We Will Need to Go to War in  NOLA

By Jeff Thomas

Politicians must make difficult decisions, sometimes funding necessary projects at the expense of other necessary projects.  And governments have limited resources to solve problems.  Mitch Landrieu has conflated these two notions and the result is outrageous crime in New Orleans.  Mitch Landrieu’s poor decisions are as responsible for the robberies and murder as the state police are responsible for the recent death of a child after a high speed chase.

While the state police did not cause the driver to speed away, their dangerous chase through crowded city streets created the scenario for a toddler to be ejected from a car seat and die.  Public safety should be the overriding factor in every decision the state police make and every decision the mayor makes.  Neither should endanger innocent citizens when other choices result in equally satisfactory results that leave citizens unharmed.

THIS MEANS WAR!

What ever happened to protect and serve?  Without evidence of any felony and based solely on a hunch because of tinted windows, the state police chose to chase a car, the most risky, life threatening activity short of firing his/her weapon that an officer can choose. In this case an innocent child is dead.  Afterward, state police cited illegal weapons and an expired driver’s license as justification for their actions.  Likewise, Landrieu’s no reward but high risk decisions have resulted in similarly dire consequences – increased crime and shootings.

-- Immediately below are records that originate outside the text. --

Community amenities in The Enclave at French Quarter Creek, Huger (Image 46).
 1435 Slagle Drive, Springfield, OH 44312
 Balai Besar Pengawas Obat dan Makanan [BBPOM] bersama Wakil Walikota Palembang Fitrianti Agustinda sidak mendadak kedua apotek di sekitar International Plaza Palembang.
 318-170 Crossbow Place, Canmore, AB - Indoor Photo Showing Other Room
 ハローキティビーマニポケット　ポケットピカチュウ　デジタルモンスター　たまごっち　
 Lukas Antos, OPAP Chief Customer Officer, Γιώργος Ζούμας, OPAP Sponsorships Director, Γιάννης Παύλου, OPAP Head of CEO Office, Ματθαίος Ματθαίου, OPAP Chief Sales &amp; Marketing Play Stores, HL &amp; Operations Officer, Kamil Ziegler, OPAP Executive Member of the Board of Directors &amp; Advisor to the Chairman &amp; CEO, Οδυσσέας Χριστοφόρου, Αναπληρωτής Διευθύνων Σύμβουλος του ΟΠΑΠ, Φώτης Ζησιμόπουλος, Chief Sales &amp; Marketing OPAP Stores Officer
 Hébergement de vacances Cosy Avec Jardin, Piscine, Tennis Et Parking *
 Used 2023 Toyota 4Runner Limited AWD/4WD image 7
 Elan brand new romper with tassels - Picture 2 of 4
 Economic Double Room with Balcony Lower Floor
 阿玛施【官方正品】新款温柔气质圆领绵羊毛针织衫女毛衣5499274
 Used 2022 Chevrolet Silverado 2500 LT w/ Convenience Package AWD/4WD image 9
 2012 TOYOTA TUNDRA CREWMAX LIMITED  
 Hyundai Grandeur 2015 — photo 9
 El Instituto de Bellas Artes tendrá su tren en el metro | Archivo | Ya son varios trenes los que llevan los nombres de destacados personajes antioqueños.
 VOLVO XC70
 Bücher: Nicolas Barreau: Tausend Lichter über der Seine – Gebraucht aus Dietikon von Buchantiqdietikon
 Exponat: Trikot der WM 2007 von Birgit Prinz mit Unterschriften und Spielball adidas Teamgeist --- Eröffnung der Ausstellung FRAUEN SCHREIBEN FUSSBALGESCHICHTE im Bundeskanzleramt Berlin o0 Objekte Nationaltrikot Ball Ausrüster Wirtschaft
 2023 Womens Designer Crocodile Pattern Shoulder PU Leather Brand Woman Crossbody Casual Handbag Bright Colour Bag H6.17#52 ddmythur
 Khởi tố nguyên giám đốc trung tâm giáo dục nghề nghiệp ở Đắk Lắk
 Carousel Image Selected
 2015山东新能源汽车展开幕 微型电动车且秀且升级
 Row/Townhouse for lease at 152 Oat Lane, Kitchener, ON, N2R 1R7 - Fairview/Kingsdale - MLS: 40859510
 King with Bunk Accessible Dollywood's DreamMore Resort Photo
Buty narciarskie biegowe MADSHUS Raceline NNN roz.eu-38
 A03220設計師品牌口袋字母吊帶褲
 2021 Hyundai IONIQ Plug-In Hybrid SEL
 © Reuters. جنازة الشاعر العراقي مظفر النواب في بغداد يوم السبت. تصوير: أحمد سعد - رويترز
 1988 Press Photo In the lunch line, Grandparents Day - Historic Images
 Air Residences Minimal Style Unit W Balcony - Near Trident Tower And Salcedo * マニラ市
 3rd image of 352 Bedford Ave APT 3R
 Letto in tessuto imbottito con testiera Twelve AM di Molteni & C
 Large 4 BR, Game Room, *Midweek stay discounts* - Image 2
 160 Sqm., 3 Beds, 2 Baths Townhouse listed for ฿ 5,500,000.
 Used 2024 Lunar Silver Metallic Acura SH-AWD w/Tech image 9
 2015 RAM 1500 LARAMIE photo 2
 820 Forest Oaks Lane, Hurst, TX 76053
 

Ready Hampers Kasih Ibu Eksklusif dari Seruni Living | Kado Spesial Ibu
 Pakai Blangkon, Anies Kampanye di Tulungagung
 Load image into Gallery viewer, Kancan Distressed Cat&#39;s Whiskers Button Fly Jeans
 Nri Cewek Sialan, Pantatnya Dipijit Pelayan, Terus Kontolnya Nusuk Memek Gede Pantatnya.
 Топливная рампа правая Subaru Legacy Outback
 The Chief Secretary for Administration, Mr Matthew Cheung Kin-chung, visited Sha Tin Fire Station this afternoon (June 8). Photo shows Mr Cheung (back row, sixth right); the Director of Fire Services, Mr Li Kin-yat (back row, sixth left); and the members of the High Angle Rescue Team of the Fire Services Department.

In New Orleans, the primary cause of crime is poverty.  Approaching the problem of poverty by focusing on hiring more police is akin to Southern plantation owners attempting to resolve the runaway slave problem by hiring and arming vicious slave catchers to roam the roads between plantations and stop and frisk every African American they encountered. Seemingly, suggesting today to many Southern whites that to solve the crime problem we need to eliminate poverty is like suggesting to slave owners that the best way to solve the runaway slave problem is to eliminate slavery.  Ironically, it will take another war to stop crime.  A war on poverty.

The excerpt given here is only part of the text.